A l'époque, le Front national avait publié les courriers qu'il avait envoyés pour solliciter des emprunts auprès de quinze banques, françaises et européennes. Il avait aussi dévoilé les lettres qu'il avait reçues des banques ayant refusé de lui accorder des prêts en juillet 2013.

Des banques prudentes. Le CIC avait alors expliqué que "compte tenu de la diversité des opinions des clients, sociétaires et administrateurs élus du Groupe Crédit Mutuel-CIC, nous souhaitons nous en tenir à un principe de neutralité en nous abstenant de financer des formations politiques".

Outre l'argument de la neutralité politique, un analyste financier, contacté par franceinfo, avait confirmé une certaine frilosité des créanciers face au risque. "Les partis et les élus ont un statut précaire aux yeux des banques : ils ont des dépenses considérables et leurs rentrées d'argent dépendent de leur score", avait argumenté ce professeur d'analyse financière.

Une image sulfureuse. Les banques "n'ont aucun risque – nous sommes sûrs d'avoir les 5% et les parrainages d'élus –,on voit bien qu'il y a un acte politique derrière tout ça", rétorque aujourd'hui Marine Le Pen. Dans les sondages, la candidate est créditée d'environ 25% des intentions de vote au premier tour de la présidentielle. Et, contrairement aux scrutins de 2007 ou 2012, l'important volant d'élus acquis devrait lui permettre d'obtenir sans difficulté les 500 parrainages nécessaires pour se présenter.

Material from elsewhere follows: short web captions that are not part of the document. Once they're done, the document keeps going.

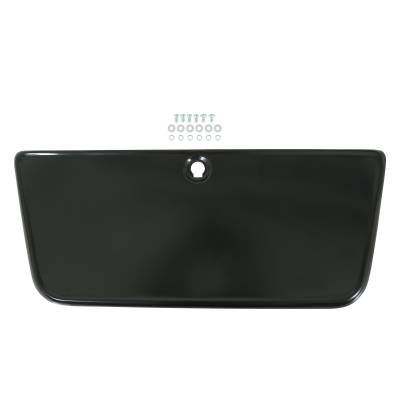 Brothers Trucks - Brothers Trucks GBD72BK Chevrolet & GMC Glove Box Door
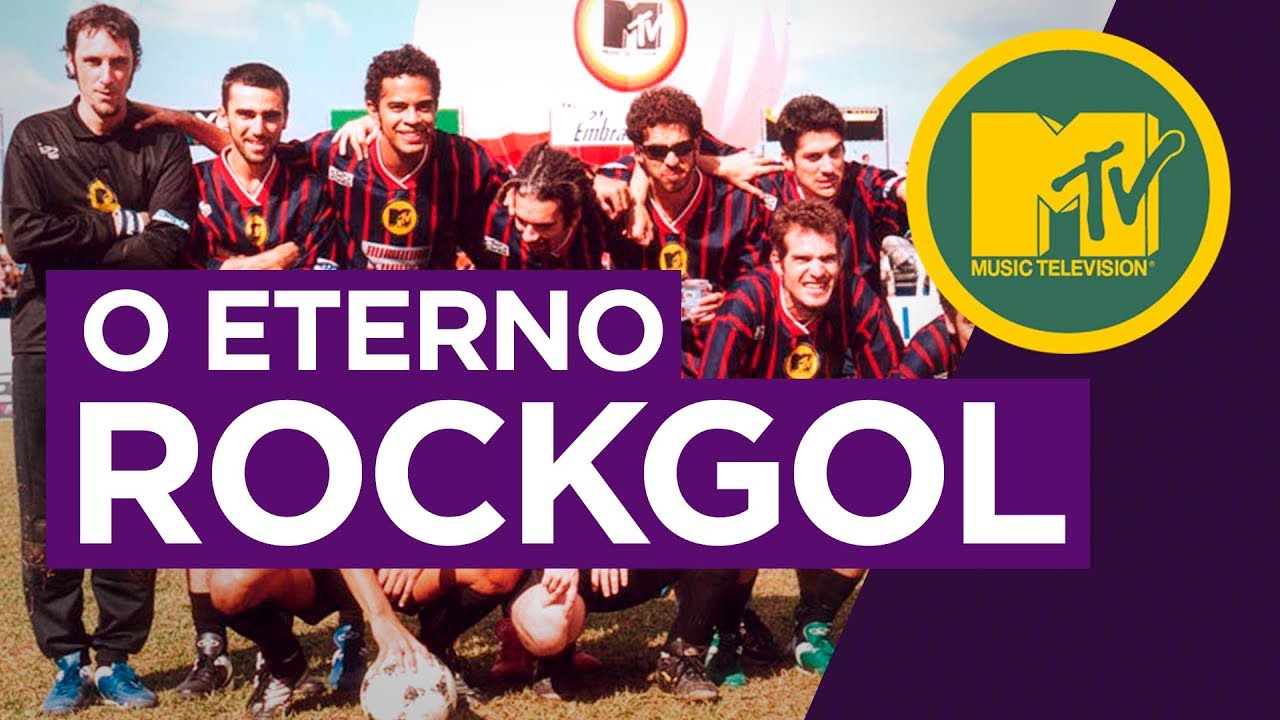 BRIGAS, GOLAÇOS E LANCES BIZARROS: O ROCKGOL ERA TOTALMENTE EXCELENTE! | #ForadoEixo 24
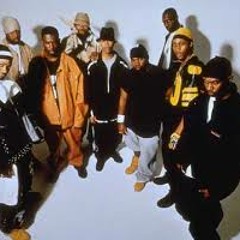Wu Tang Clan !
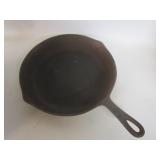 #8 Cast Iron Skillet #8 Cast Iron Skillet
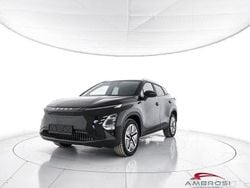 Nero Nuova 2025 Omoda 5 SUV | 27.900 €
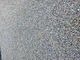 Gymnastikmatte Mehrfarbig 100x100x4 cm Alpine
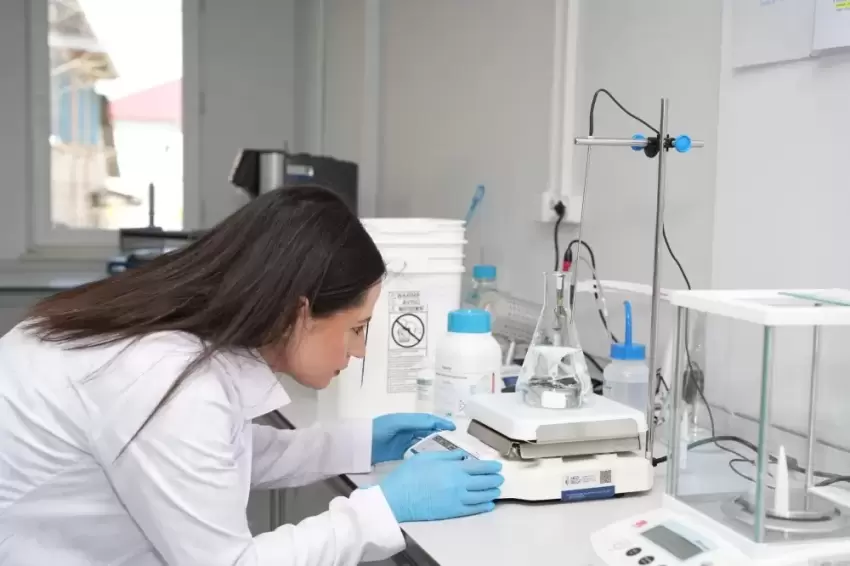 Samsunda tarımda yeni dönem başlıyor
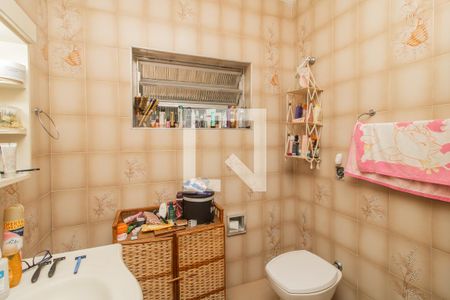 Casa à venda com 125m², 3 quartos e 4 vagasBanheiro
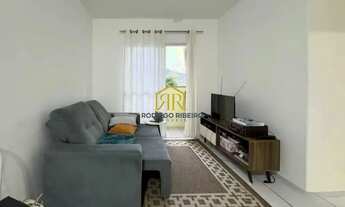 Imagem 2: Apto 85m²: 03 dorm. 01 suíte - Córrego Grande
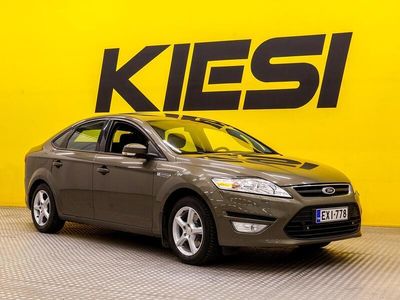 Käytetty 2011 Ford Mondeo Trend Viistoperä | 5 680 €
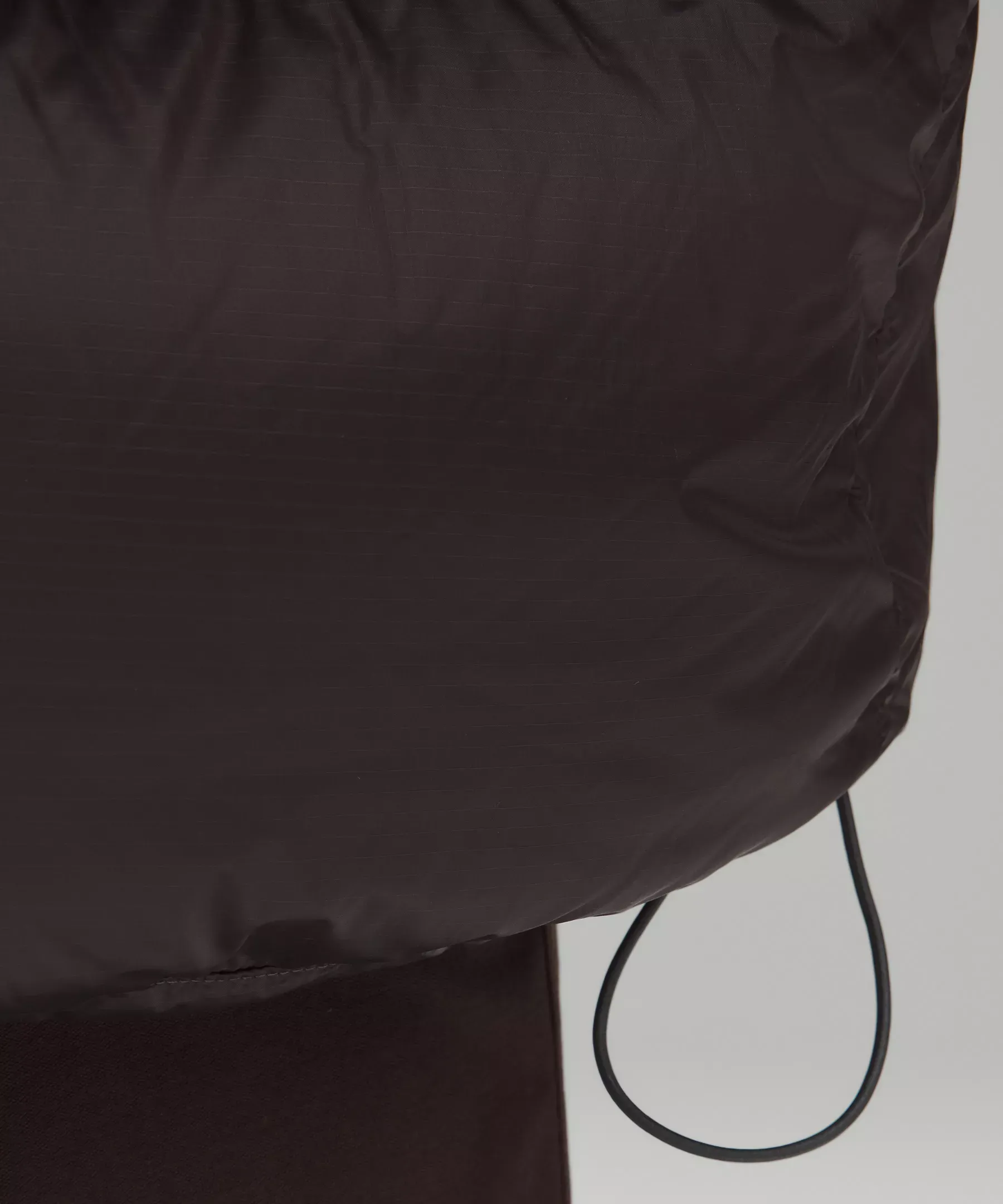 lululemon Down-Filled Long Puffer Jacket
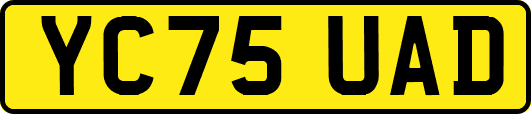 YC75UAD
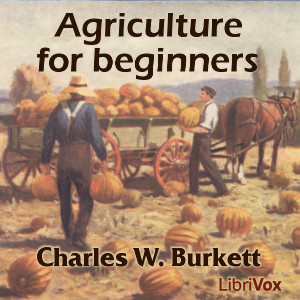 Agriculture for Beginners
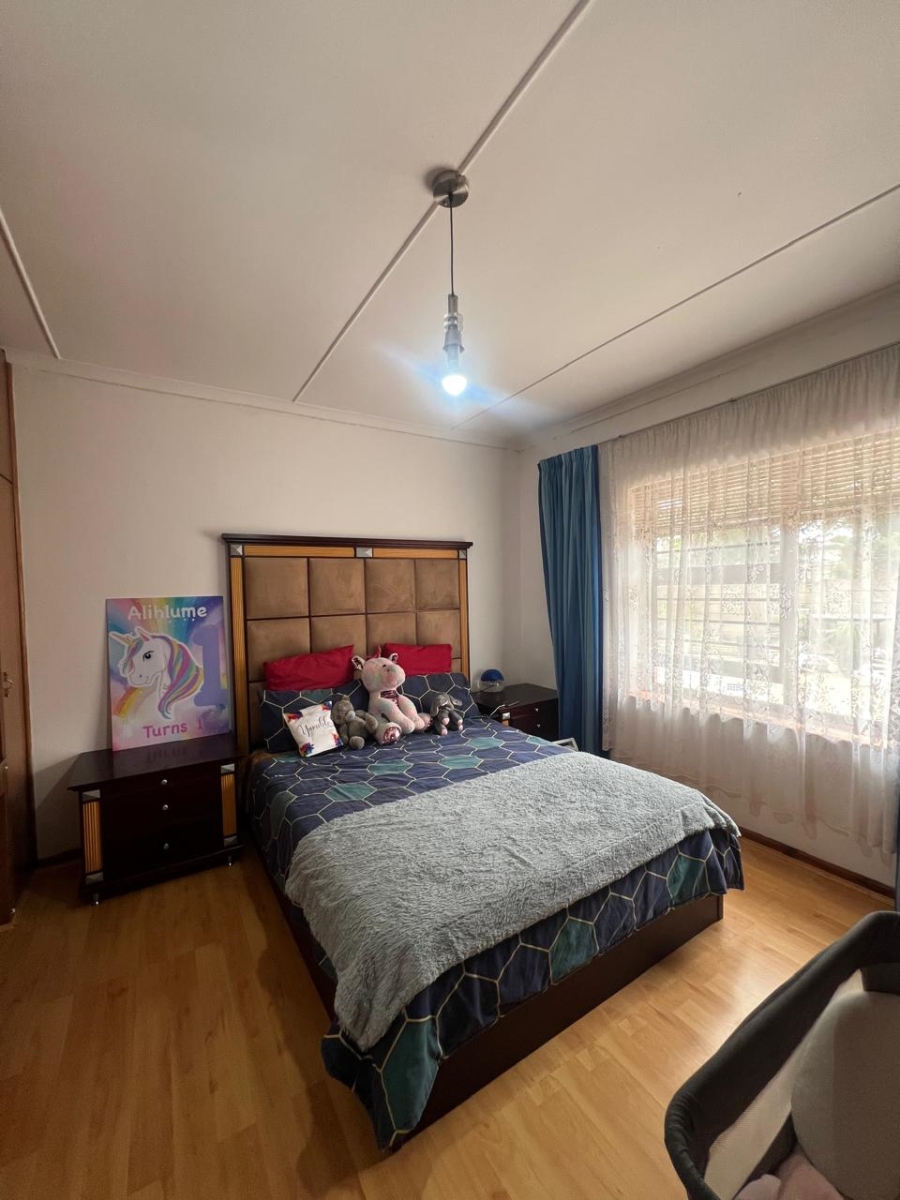 4 Bedroom Property for Sale in Vanes Estate Eastern Cape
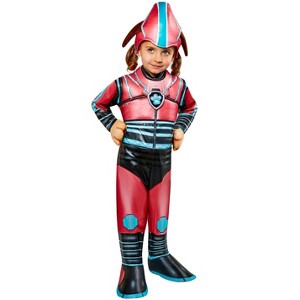 PAW Patrol Mighty Liberty Toddler/Child Costume - 1 of 1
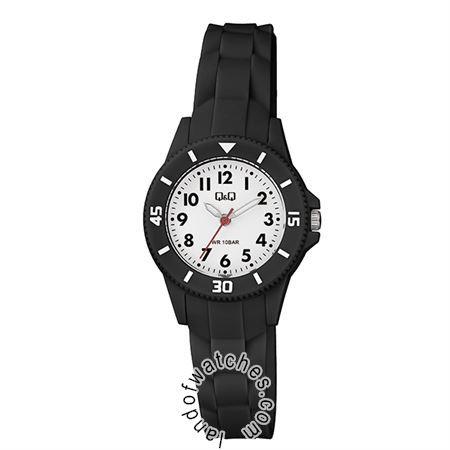 Buy Women's Q&Q VS66J001Y Sport Watches | Original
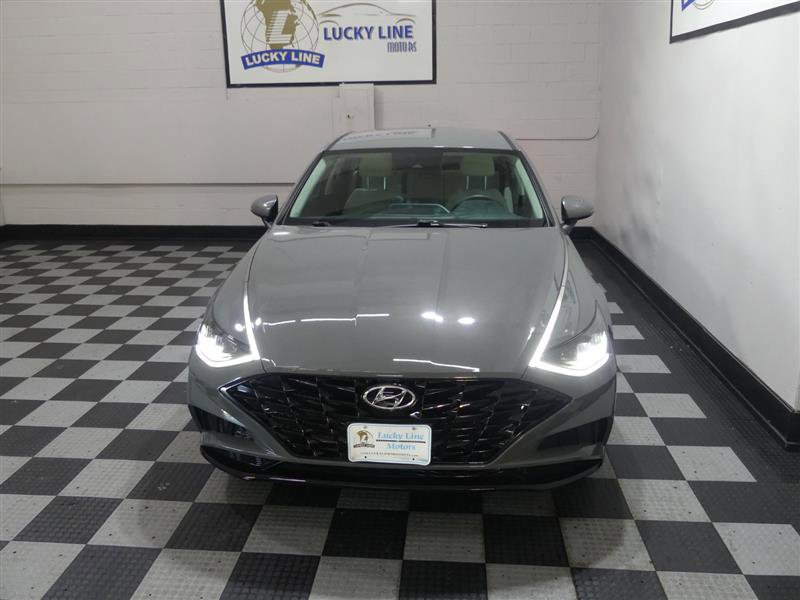 Used 2022 Hyundai Sonata SEL image 3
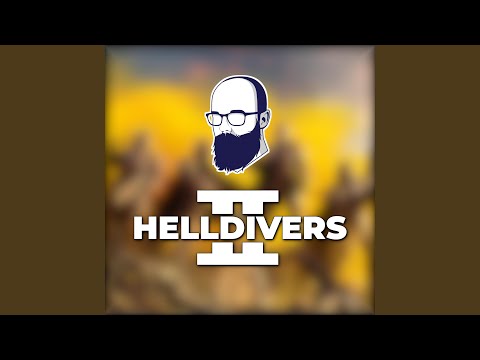 Main Theme // Helldivers II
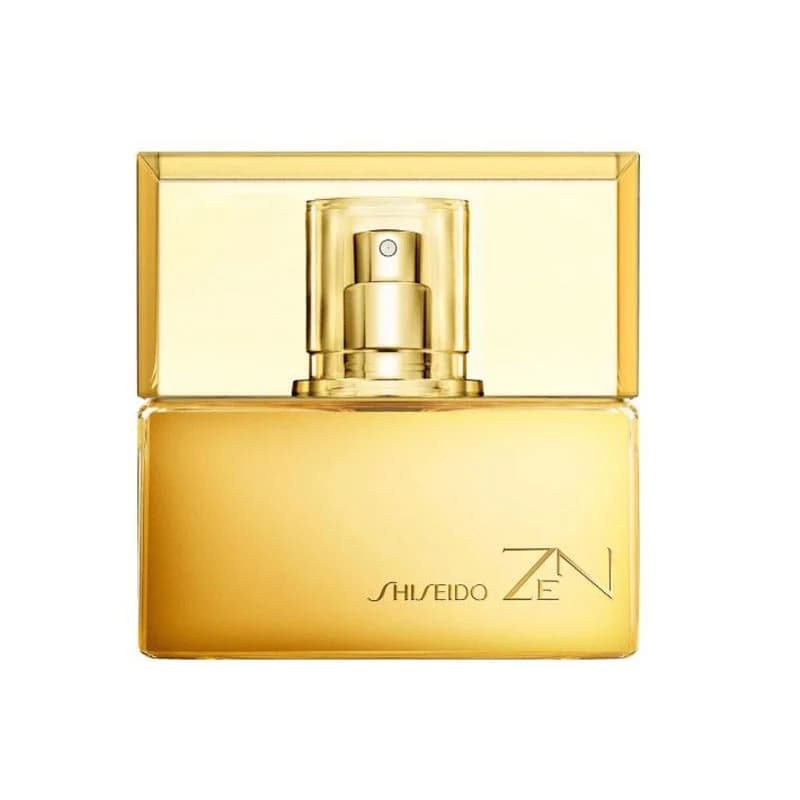 عطر شیسیدو زن زنانه | Shiseido Zen — تصویر ۲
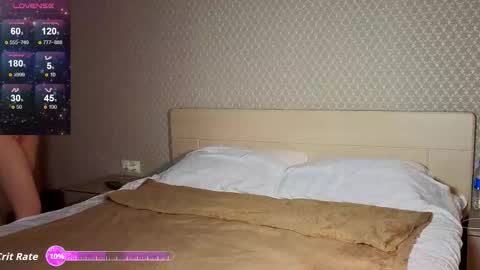 excited kristi online show from September 15, 10:45 am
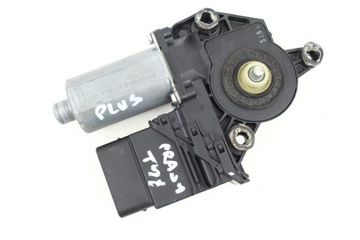 фото thumb №6, Двигунчик скла правий зад vw golf plus 5m0839402b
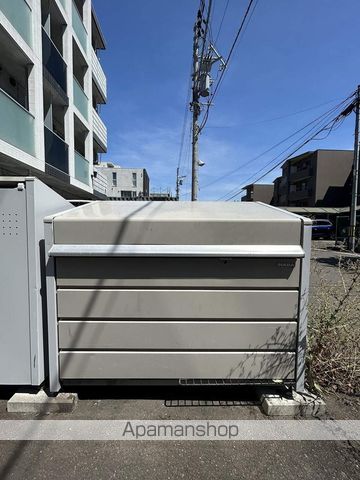 その他共有部分　その他共有部分
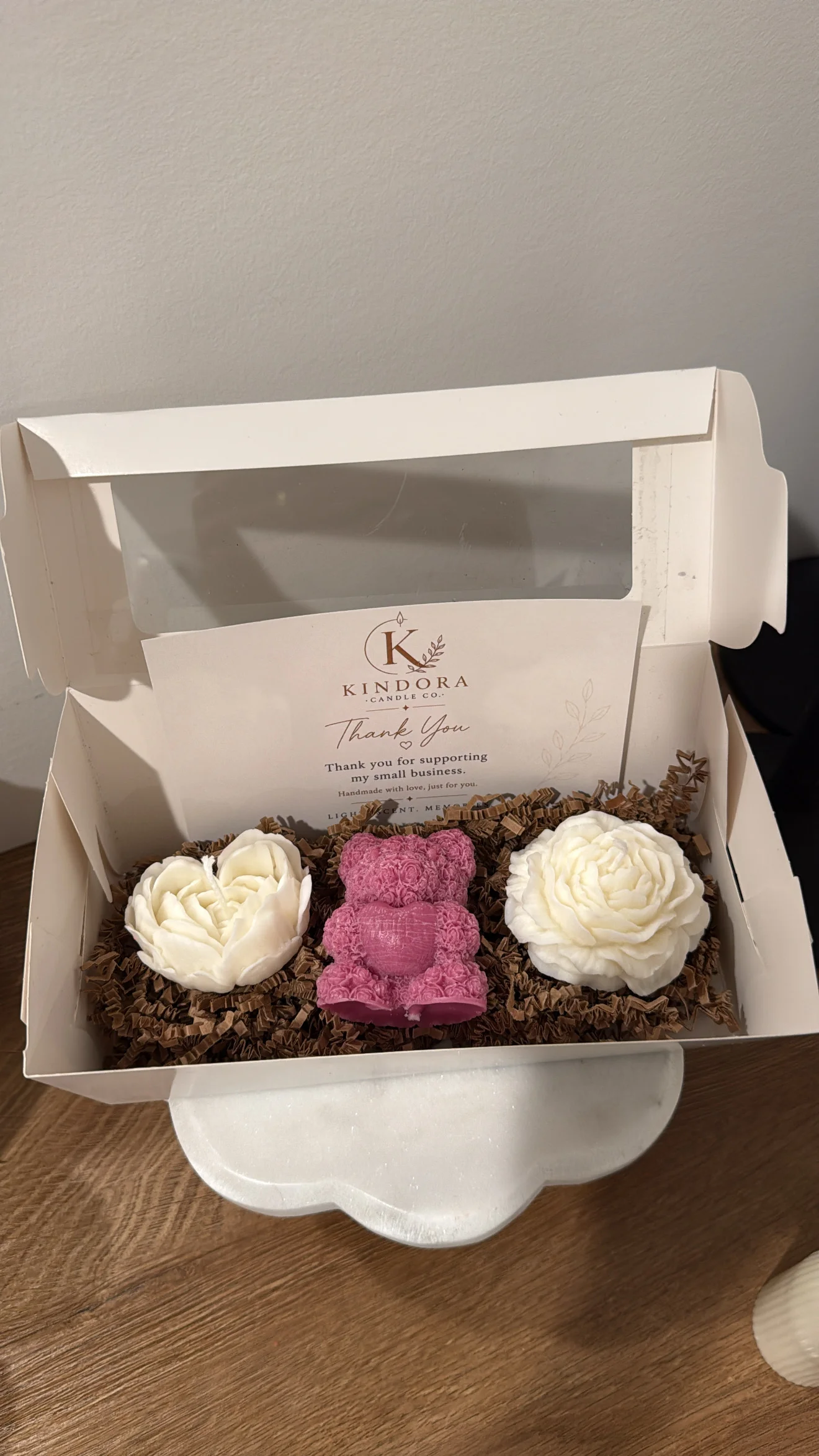 Kindora Candle Co.  - Image 7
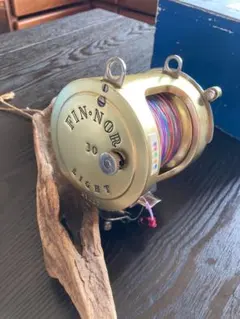 2026年最新】リール FIN-NORの人気アイテム - メルカリ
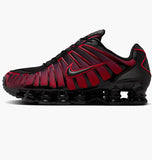 Shox Tl University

Mais "si l'on connaît le FN de réputation, les banques ont besoin de connaître ses comptes, de savoir comment ils sont gérés", expliquait l'analyste financier à franceinfo. Et le FN, deux de ses dirigeants et plusieurs très proches de Marine Le Pen sont mis en examen pour des soupçons d'escroquerie aux frais de l'Etat, notamment lors des campagnes présidentielle et législatives de 2012.